We go about our daily routines using products where our trust in their reliability means that we are betting our lives on them. Planes, cars, surgical equipment (etc.), the way they’ve arrived at this level of trust is rigorous testing. Producers of these products and services have perfected testing in two ways: first, the ability to simulate the real-life application of the product. Second, the use of extensive testing platforms that allow for replicating and testing every scenario.
Telecom testing processes today are, unfortunately, not at that “bet-my-life” level. Labs are a limited replica of production. Test validation processes are highly manual, costly, and slow. Network slicing promises to address the former to some degree. However, the processes that achieve full automation of network functions and service orchestration while maintaining true network resource isolation have yet to attain enough maturity to address the challenge in the short term.
But there is hope. The technology already exists to solve for much of this. The first step is the creation of production service replication in test-beds automatically, on-demand, including decommissioning once the service is verified.
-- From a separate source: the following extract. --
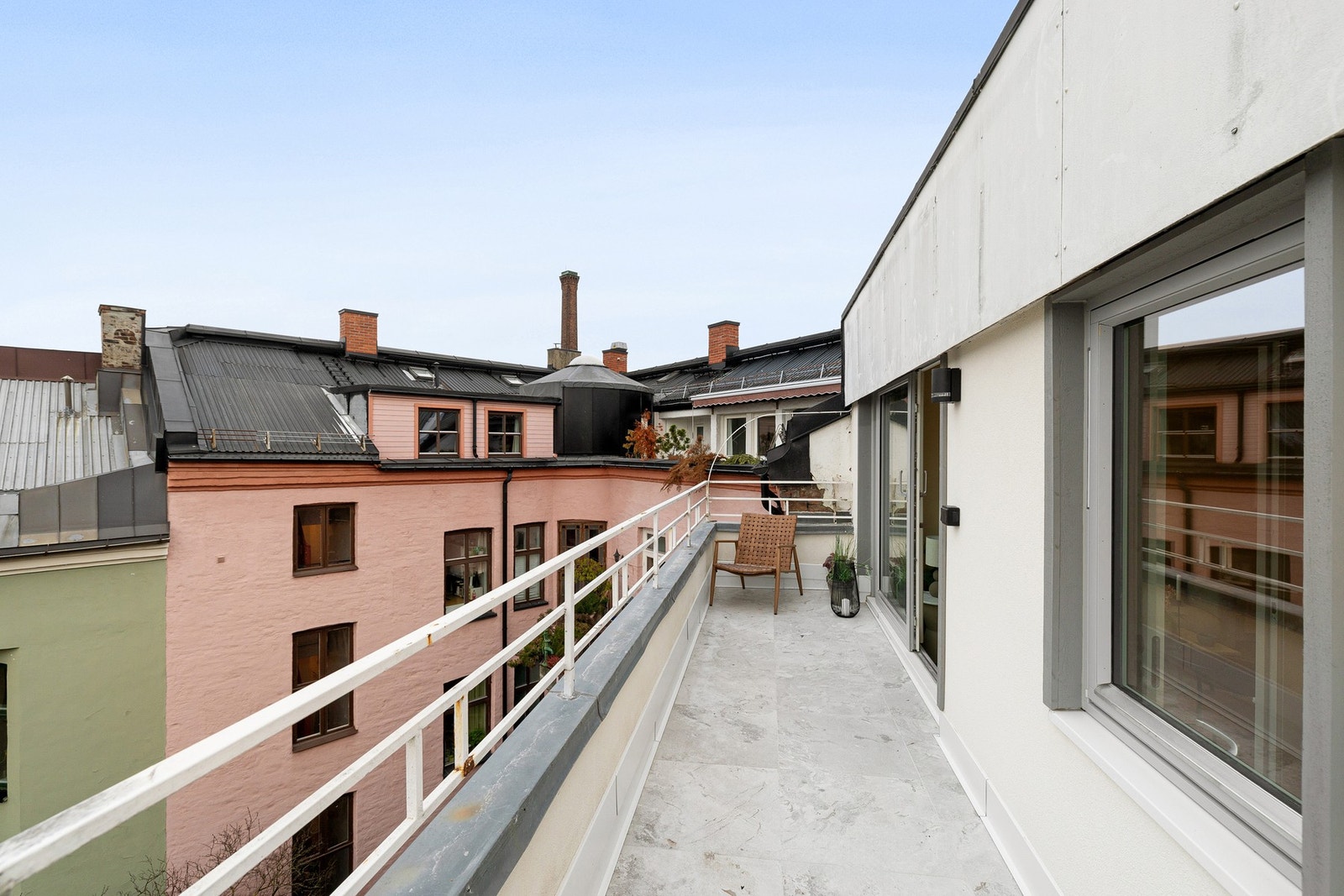 Flislagt terrassegulv i 2025. Terrassen på hele 8 m2 fungerer som et ekstra oppholdsrom store deler av året. Galleribilde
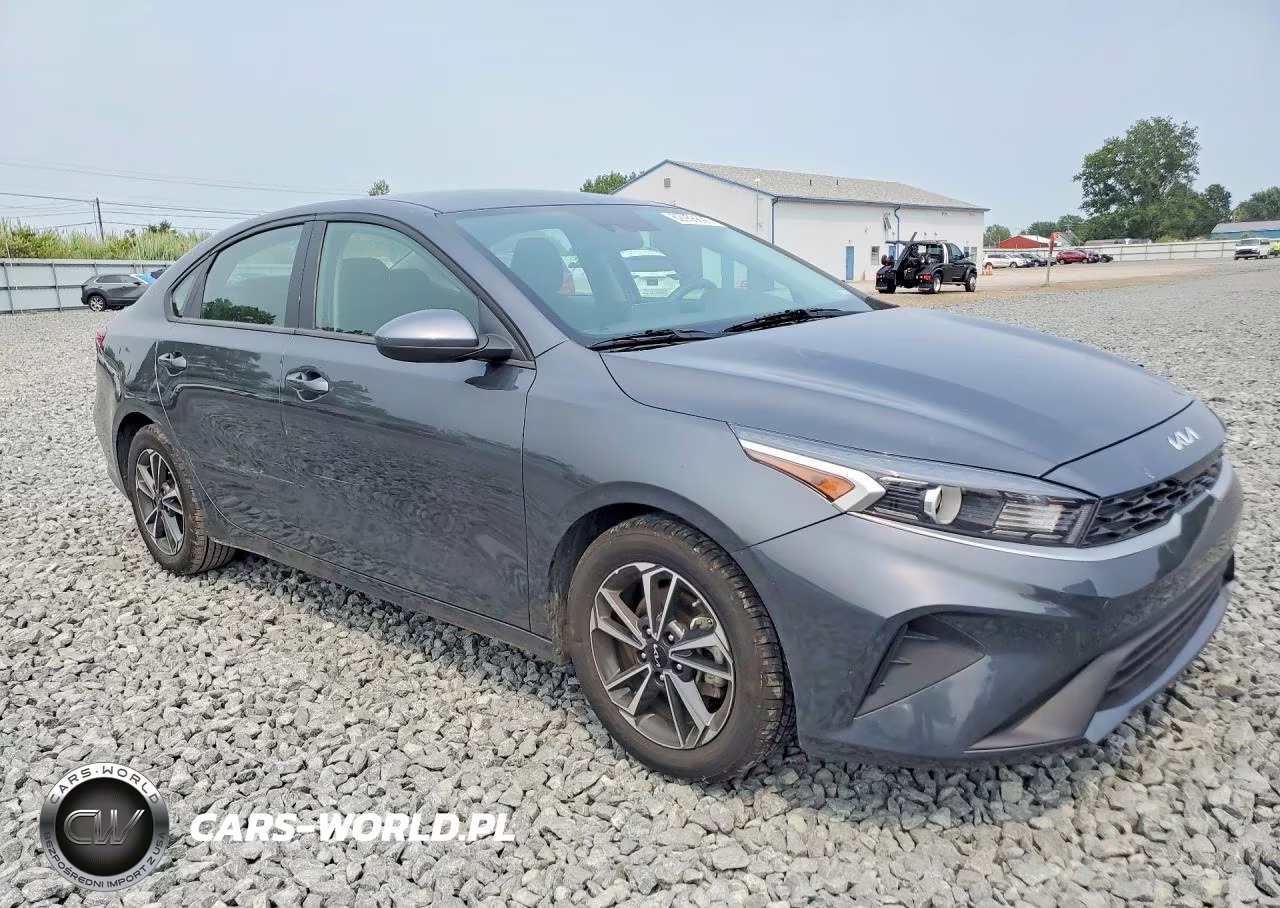 2024 Kia Forte Lxs VIN:3KPF24AD0RE724269 - 4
This, first and foremost, is dependent on CI/CD pipelines that not only automate DevOps processes but integrate detailed testing pipelines through, what we call, Continuous Testing and Continuous Validation (CT/CV) pipelines. The CT/CV pipeline is an end-to-end test automation framework that includes: classifying the service call flow patterns through implementing machine learning, closing the loop on test execution, and allowing for an exponential increase in the level of detectable call flow variations that is virtually independent of any human intervention.
What we know from the millions of call-flows we have processed, is that lab and production traffic can be similar, meaning that the resulting insights are highly portable. By creating the right test batteries, combined with the automated network replication processes mentioned earlier, including CT/CV, our pre-production certification process not only produced much more reliable network functions and services but our Machine Learning (ML) models trained to recognize call flows in pre-production were reused in production.
The results of the business are impressive. Applying preventive measures before production rollout means that the quality of the software is at a much higher level than before, reducing the number of consumers impacting events down the road.
If we plan to open up our networks to innovations from third-party developers and performance-sensitive applications, we would have to begin our journey towards uncompromised quality before services hit the consumers. Consumers cannot be guinea pigs; we have machines for that.